Mechanical causes for rotator cuff repair failure
Dr. Gerber’s six studies in this area tested and improved potentially “weak mechanical links in the rotator cuff repair construction,” ranging from “anchor pullout, anchor strength, effect of eyelet, strength and type of suture, to type of suture fixation of the tendon.”
One study, for example, addressed the influence of test temperature and test speed on the mechanical strength of absorbable suture anchors. The results of this study showed that “testing implants at room temperature can falsely improve results by a factor of 50, and that it is mandatory to test absorbable implants at body temperature, preferably at slower speeds.”

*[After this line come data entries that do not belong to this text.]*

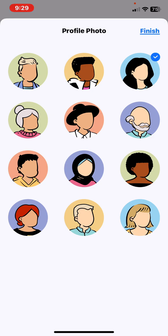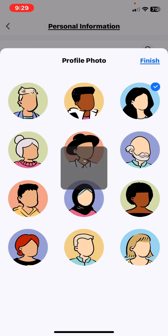So if you like one of these, just click on that, and then click on the finish button, and your profile photo is set.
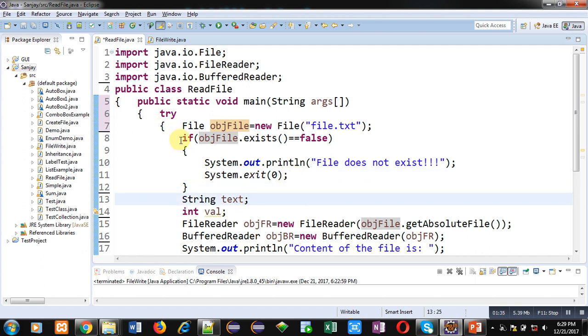After this if, a variable text is declared of string type, then integer variable val is declared.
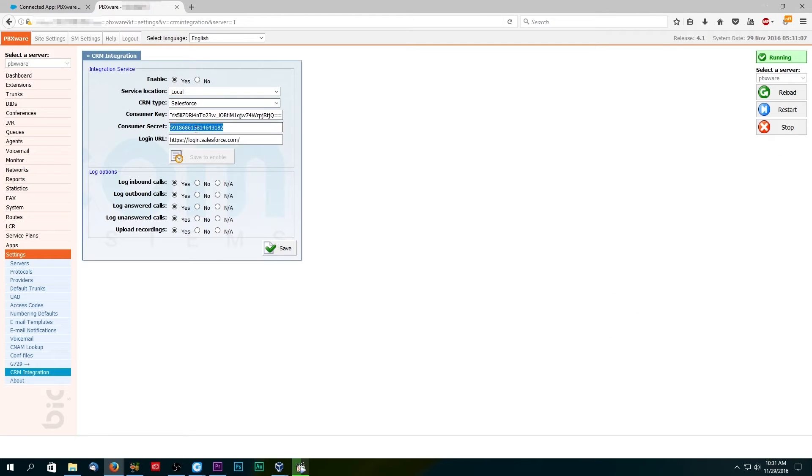Enter the Salesforce login URL. Select the desired log option and click save to apply the settings.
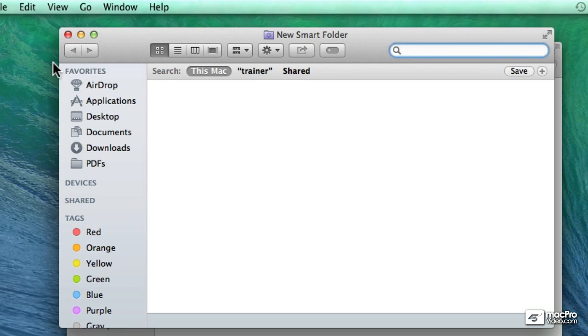So let's say that I want to create a Smart Folder that will show me all the images on my computer. Well one of the things that I can do here is I can look for files that are of kind image.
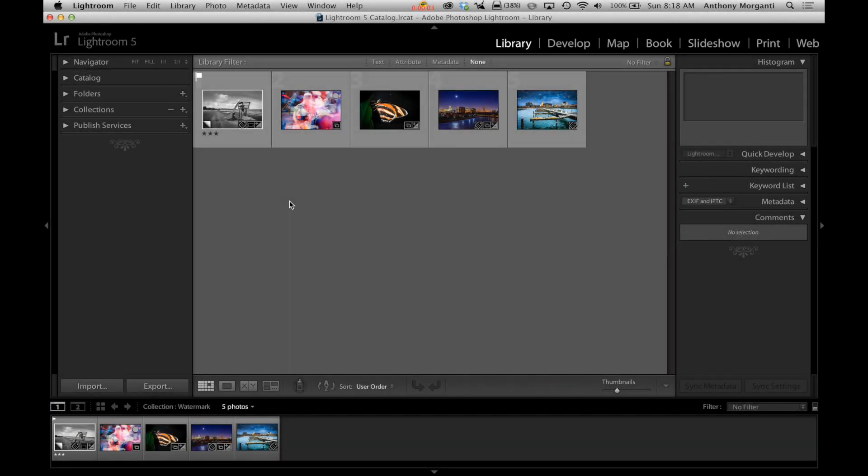Hey guys, this is Anthony Morganti from AnthonyMorganti.com and this is episode 34 of Learn Lightroom 5. In this episode we're going to talk about watermarks and I'm going to show you how to apply watermarks to your images using Lightroom.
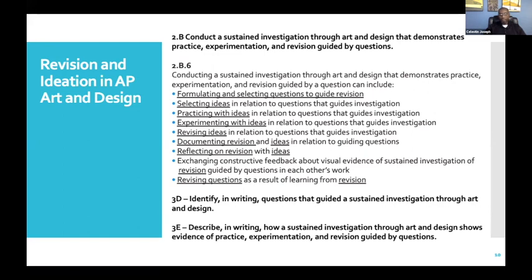Documentation, revision, and ideas in relation to your guiding questions — documentation doesn't necessarily have to stop with you. You could have other people document your work for you: your parents, brothers and sisters, aunts and uncles, anyone that might be home with you. If no one's there, you could set your camera phone up with a timer and take photos along the way. That documentation piece is so, so important and it's going to be used in your portfolio. You want to reflect on your revision and your ideas along the way, exchange constructive criticism, and continue to revise your inquiry and questions along the way.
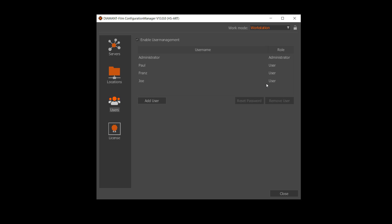You can create any number of users you need for your organization. It is highly recommended that you lock the configuration manager when you're using user management. This will protect the user accounts.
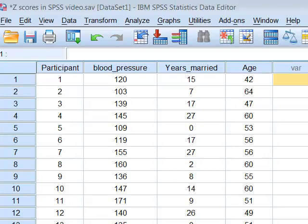How to turn a variable into a standardized variable using SPSS. If your variables are measured in different units, it makes sense to just standardize the data.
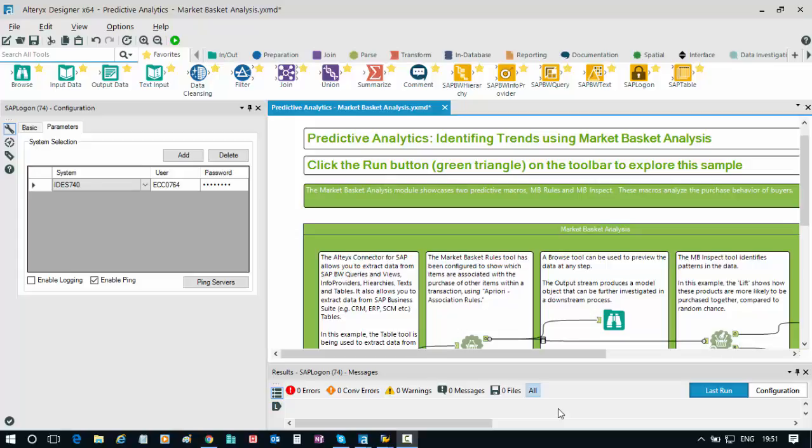In this short demo, I want to show you how you can really bring to life the data that you have in your SAP systems today through using the predictive analytics capabilities of Alteryx and the visualization capabilities of Qlik.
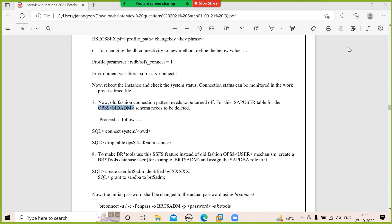For example, if you have five application servers, each with its own local kernel directory, you do not copy to all the EXE directories. Only the global kernel directory is copied.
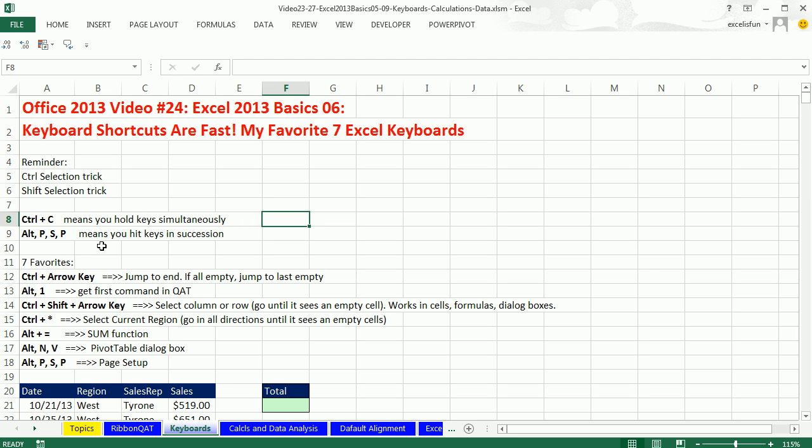But those commas mean that you hit them in succession. So you hit the Alt, and then the P, and then the S, and then the P. You don't hold them down like you would a control keyboard.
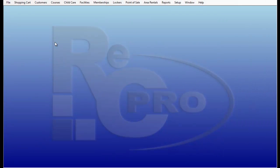Hello, and welcome to RecPro Video Series. Today I will demonstrate how to merge two customer records together.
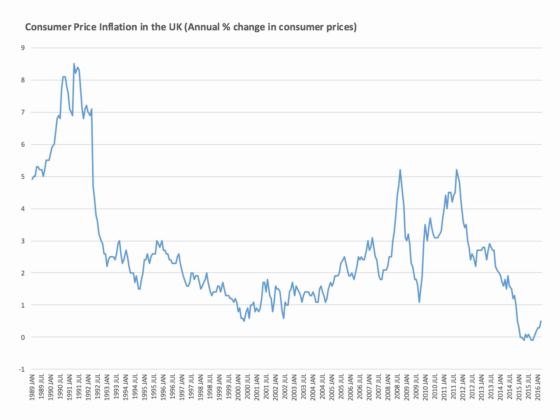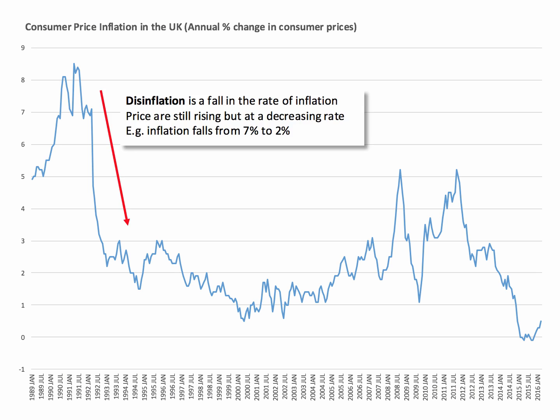So what's the difference between disinflation and deflation? Disinflation is a fall in the rate of inflation. Prices are still going up, but at a slower pace — a decreasing rate. So for example, inflation falling from around 7% down towards 2%, as you can see here, that is a period of disinflation.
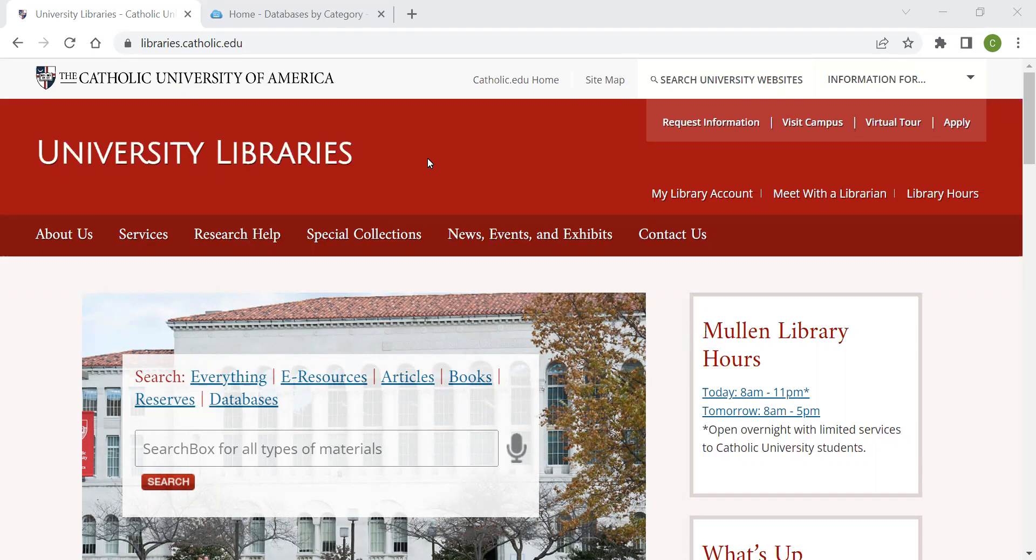Today, I'm going to show you how to find databases on the library website. While SearchBox provides patrons with results from across the library's holdings and databases, sometimes your research will require you to search specific databases. Locating the correct database can be helpful to your studies.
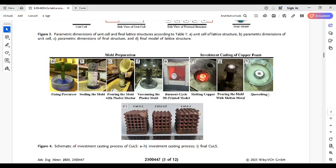Hello everyone, my name is Salar and this is SalDEM channel. This tutorial is about the simulation of investment casting process in ProCast software. For the introduction part, I'm using one of my research articles about the investment casting of a copper lattice structure, which you can find the link to this article in the caption.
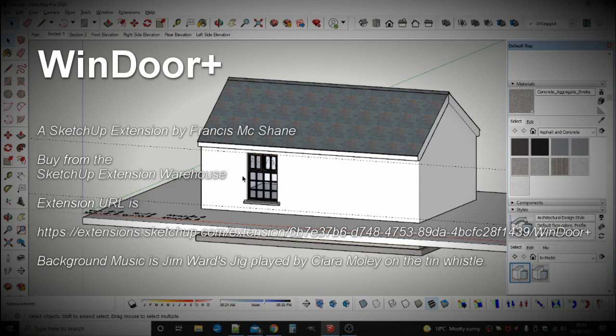I hope that when you buy Window Plus, you have lots of fun making beautiful buildings with your perfect windows.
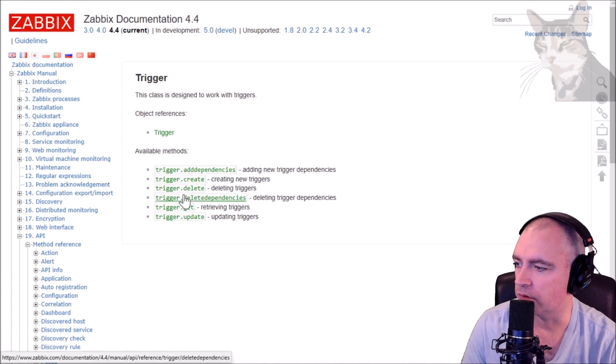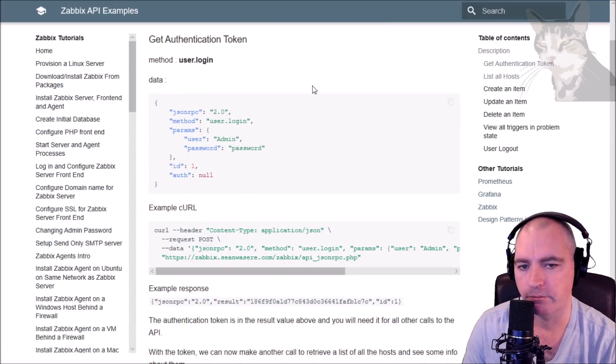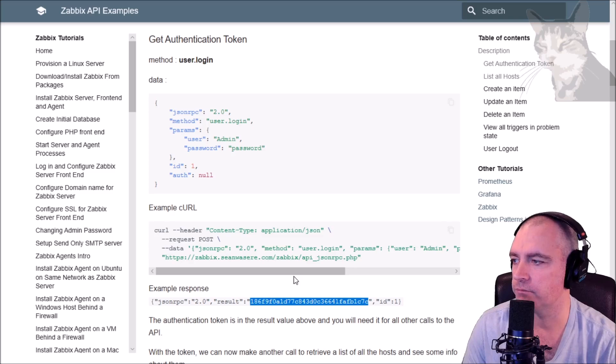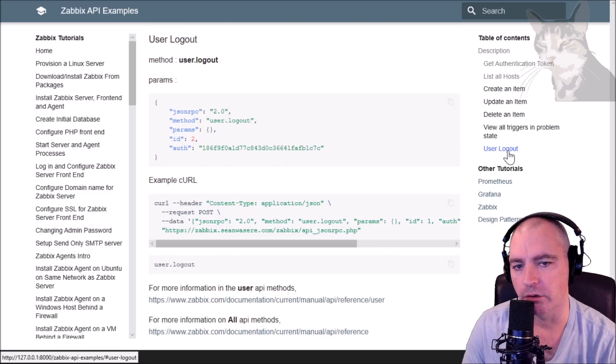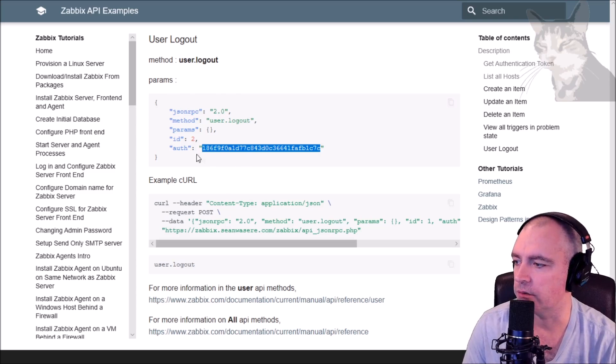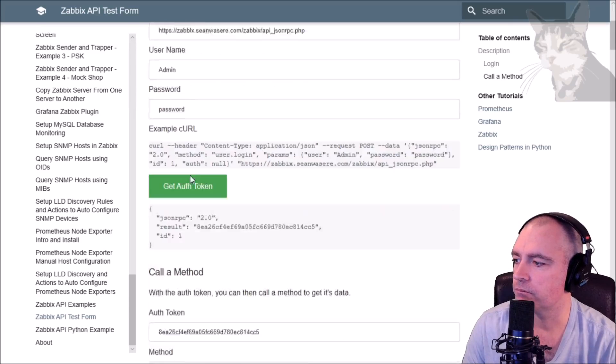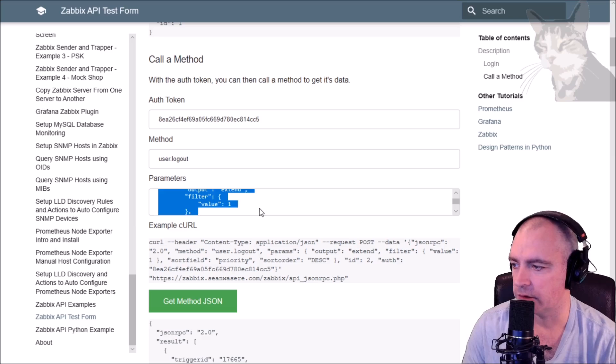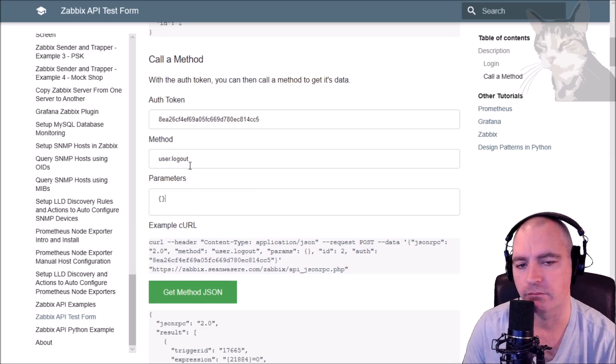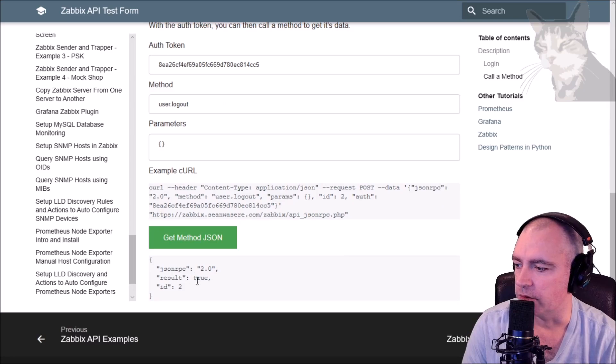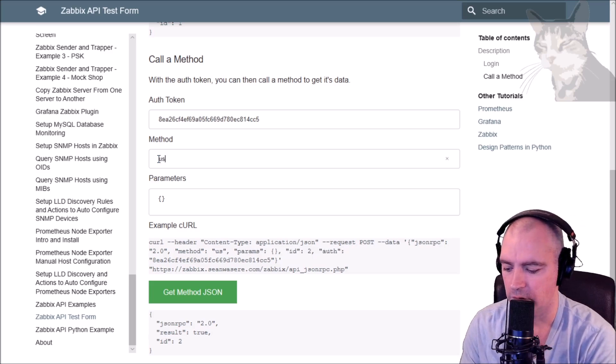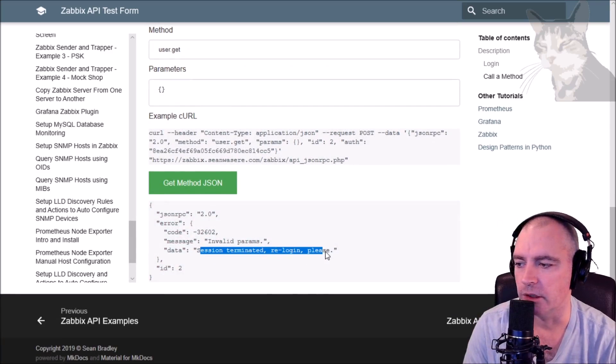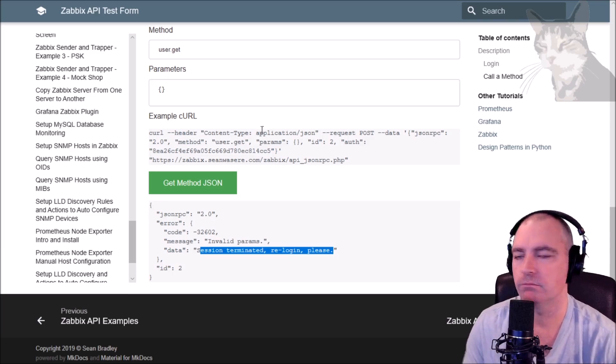Also, when you authenticate a user, then you get the token. Depending on how your user is configured, that session will never expire, so it's always important to log the user out. Here's a method for that: user.logout, and it requires the authentication token. So we can just try that out. User.logout - for the parameters I don't need anything other than just an empty object. There we go, the user has now logged out. Now if I was to try any methods using this token, they would fail, such as user.get: session terminated, please log in. Very good.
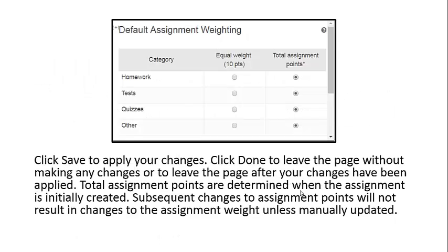Click Save to apply your changes. Click Done to leave the page without making changes, or to leave the page after your changes have been applied.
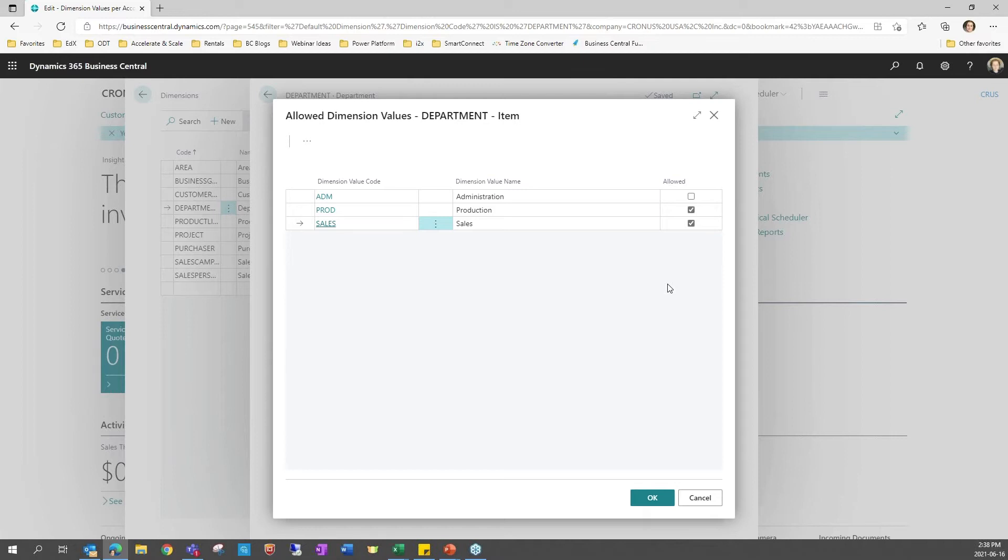Also note that if a mistake is made, there is also a new feature that allows you to correct dimensions on posted transactions. We looked at this feature in the previous webinar of the series, the one about general functions and finance features.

Biologic causes for rotator cuff repair failure
After reviewing problematic mechanical links in rotator cuff repair, the team looked at biologic sources of failure, such as osteopenia of the humeral head, the tissue ramifications of delayed cuff repair, the assessment of fatty infiltration, and the biomechanical manifestations of this infiltration.
Recognizing the importance of bone quality for the secure fixation of tendon to bone, Dr. Gerber examined the association of osteopenia of the humeral head with full-thickness rotator cuff tears. This study compared the bone density of cadaveric humeral heads with a full-thickness rotator cuff tear to those without a tear, using microcomputed tomography. Specimens with a tear had reduced cancellous bone and higher bone density under the articular surface compared to the greater tuberosity, leading to a recommendation that surgeons place sutures or anchors subcortically or under the articular surface.